The tax wolf in bond clothing

By Michael Robertson

When people hear “bond” it’s likely to conjure up positive sentiments such as James or savings. Few people think “tax,” but that’s the decision confronting Californians like never before. Come Nov. 6, $14.4 billion in bond measures will be on the ballot. (It’s actually closer to $40 billion as you’ll see below.) Over the last decade statewide straight tax initiatives don’t have a good passing rate, but 80 percent of school bonds have been approved since 2001 when laws changed requiring only 55 percent approval instead of the super majority 2/3rds. School officials have spotted this easy money and are drowning citizens with a whopping 600 percent increase in the amount of bonds compared to the last election.

Bonds are loans government entities takes out with a promise to repay using future collected taxes. These loans typically have a payback period of 20-40 years. Repayment plans can vary much like house or auto loans. There can be introductory teaser rates, interest only or even periods of no payments like Poway, Santee and dozens of other school districts have entered into which will see them paying back 10-20 times what they initially borrowed.

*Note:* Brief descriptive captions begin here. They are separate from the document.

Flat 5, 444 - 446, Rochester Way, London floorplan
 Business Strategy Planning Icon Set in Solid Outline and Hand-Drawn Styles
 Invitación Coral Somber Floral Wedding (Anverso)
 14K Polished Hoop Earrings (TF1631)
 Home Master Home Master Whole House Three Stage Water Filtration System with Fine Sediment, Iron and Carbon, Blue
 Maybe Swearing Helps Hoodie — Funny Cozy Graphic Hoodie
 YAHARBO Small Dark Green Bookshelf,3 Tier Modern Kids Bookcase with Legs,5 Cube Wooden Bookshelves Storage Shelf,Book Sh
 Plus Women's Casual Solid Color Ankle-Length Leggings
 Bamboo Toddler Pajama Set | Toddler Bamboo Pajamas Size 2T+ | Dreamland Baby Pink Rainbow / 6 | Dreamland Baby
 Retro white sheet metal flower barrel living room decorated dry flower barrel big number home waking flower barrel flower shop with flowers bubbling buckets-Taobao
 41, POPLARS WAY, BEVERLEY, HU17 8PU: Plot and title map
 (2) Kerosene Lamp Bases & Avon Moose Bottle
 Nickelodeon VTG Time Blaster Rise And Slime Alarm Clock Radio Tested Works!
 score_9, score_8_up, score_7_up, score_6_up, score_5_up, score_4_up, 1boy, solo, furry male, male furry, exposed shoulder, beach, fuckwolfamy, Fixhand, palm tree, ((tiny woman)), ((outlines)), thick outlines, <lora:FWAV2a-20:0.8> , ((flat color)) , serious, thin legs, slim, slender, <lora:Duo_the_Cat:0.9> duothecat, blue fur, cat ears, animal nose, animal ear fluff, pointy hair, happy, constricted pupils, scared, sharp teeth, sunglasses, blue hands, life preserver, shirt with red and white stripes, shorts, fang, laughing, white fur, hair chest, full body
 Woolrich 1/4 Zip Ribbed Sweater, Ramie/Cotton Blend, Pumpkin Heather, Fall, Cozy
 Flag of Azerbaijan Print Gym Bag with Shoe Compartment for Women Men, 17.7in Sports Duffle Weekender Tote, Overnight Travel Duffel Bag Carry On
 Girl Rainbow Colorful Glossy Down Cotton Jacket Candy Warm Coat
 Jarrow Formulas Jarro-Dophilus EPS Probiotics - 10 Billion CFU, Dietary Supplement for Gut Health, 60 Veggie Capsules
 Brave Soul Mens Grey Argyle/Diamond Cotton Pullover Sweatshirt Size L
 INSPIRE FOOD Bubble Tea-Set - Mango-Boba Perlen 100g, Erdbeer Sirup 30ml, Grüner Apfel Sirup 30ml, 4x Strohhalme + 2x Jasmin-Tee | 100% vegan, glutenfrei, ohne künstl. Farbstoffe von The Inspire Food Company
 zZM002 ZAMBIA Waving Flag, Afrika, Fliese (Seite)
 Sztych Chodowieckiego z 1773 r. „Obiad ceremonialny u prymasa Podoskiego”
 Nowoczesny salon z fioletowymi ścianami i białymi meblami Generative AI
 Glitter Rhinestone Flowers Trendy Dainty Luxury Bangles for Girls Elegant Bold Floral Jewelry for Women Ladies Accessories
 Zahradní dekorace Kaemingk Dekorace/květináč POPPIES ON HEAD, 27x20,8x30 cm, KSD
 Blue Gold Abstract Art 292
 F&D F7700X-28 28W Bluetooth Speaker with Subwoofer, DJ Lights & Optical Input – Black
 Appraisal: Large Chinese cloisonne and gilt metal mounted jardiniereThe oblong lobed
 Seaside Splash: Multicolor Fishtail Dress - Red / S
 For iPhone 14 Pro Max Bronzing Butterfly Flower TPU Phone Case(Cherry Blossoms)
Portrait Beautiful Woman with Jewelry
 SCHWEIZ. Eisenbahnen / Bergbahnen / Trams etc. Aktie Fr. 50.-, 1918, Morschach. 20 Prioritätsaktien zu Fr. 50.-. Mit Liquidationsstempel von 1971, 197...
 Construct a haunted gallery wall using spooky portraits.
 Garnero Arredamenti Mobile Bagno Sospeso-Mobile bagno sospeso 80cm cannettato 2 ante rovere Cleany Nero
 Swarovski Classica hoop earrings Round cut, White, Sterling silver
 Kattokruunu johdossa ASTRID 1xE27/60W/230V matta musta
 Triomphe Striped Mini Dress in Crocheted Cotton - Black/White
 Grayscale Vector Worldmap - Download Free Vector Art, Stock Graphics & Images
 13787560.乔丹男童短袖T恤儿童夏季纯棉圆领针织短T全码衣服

Why are school bonds so easily approved while traditional tax initiatives are voted down? Many citizens don’t have the economic sophistication to understand bonds are a form of taxation. The ballot language for bond measures talks about “issuing” and “selling” bonds.

Usually when products are sold there’s a profit made which is a positive step for finances. Deeper in the ballot text it mention a tax will be required, but that’s surrounded by dense financial language that most gloss over. If the ballot language used the more understandable borrow and loan terms voters would better appreciate the implications of bonds.

Bonds are most often used for schools which lends itself to a sympathetic emotion “it’s for the kids” appeal. While big construction projects and essential repairs such as the ever present “leaky roofs” are often touted as the justification for bonds, enrollment at most public schools is flat or down which raises questions about whether massive school building is even necessary. Bond moneys can be spent on everything except payroll and benefits. Furniture, iPads, personal computers or even routine maintenance such as paint, carpet, and light bulbs are now uses of bond funds. Districts are increasingly turning to bond money to pay for everything in the budget that isn’t personnel costs thereby freeing up money for ever growing salaries and benefits.

Some have rightly criticized the strategy of borrowing money over 25 years to pay for lightbulbs and tablet computers which will only last a few years.

The true cost of bonds are routinely understated in ballot literature. For example Proposition Z, the San Diego Unified School District bond measure is listed as a $2.8 billion bond. Since bonds are loans not only the principal must be paid back, but also interest. Rates vary but a conservative estimate will see double the amount borrowed in interest charges over the life of the bond. Thus the $2.8 billion bond will require repayment of around $8 billion. Nowhere in the ballot description is this true cost mentioned which leads people to greatly under-estimate the cost of bond measures.